All the characters in the work are prepossessed with his past memories and seek for a way out from their present agonies and frustration. This paper aims to investigate O'Neill's tragic view on life and people's effort to flee from their tragic situation as reflected in Long Day's Journey Into Night.
In this autobiographical work, O'Neill laments the situation of people who are facing unavoidable power of destiny. Each person of the family has his or her own desolate past and experience, which are inter-wined with each other with no hope of reconciliation. They blame each other for causing their own sufferings and engage in 'hopeless hope' in a false belief that they could find a haven.

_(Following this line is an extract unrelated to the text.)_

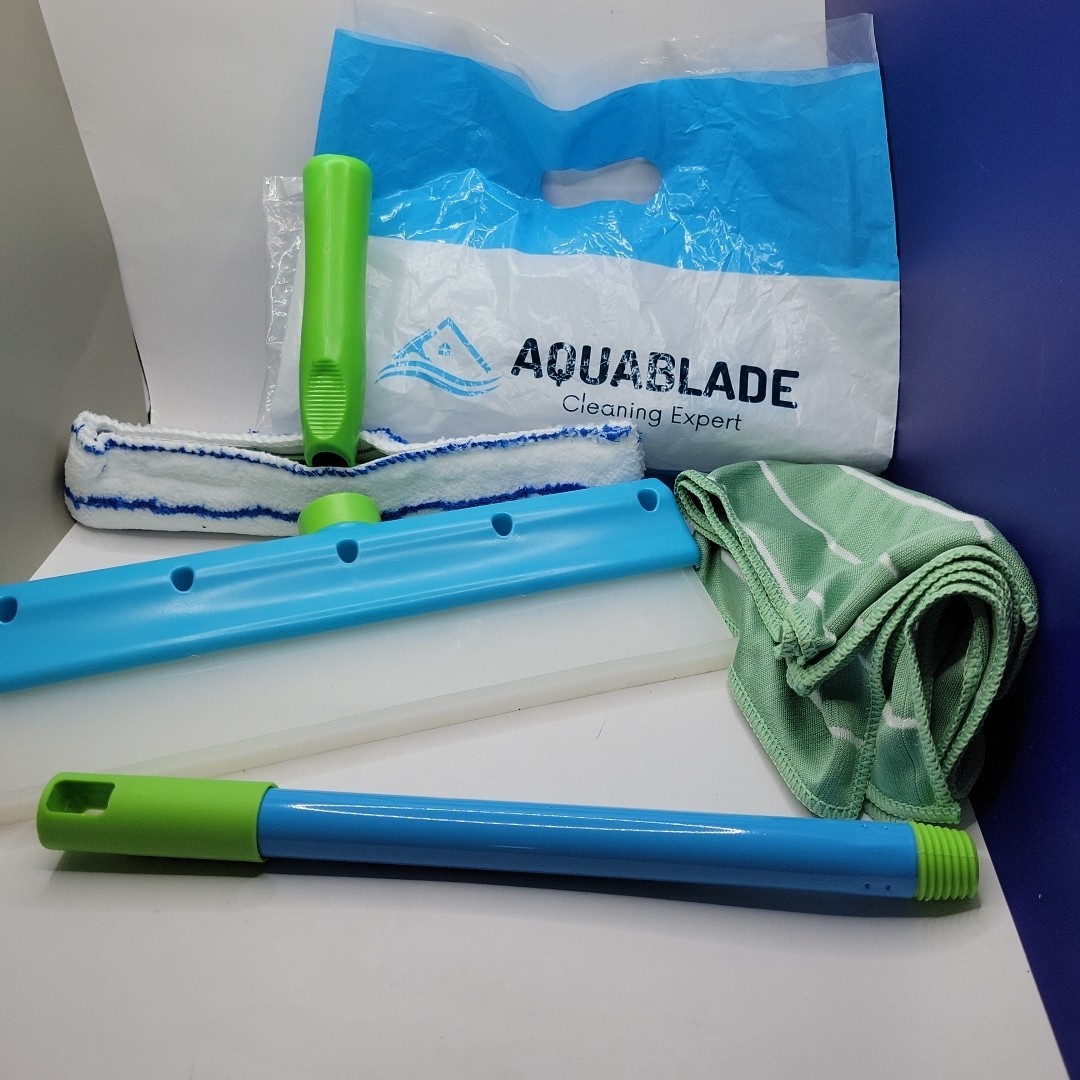 Aquablade Window Cleaning Kit, Aquablade Window Squeegee Recyclable Silicone NEW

Tyron puts money before everything, Mary absorbs herself in drug, and Jamie becomes a sarcastic pessimist. They really wish to escape from their delusion but they have to admit their final destination---self-destruction through their journey into night. But O'Neill is not absolutely pessimistic. Edmond, who is O'Neill himself, shows a slight possibility to find a way to the light through a sudden, mysterious awareness of hope.
In Long Day's Journey into Night, O'Neill shows how he sees man's ontological loneliness and tragedy but he also asserts that life is by no means totally meaningless and hopeless to live.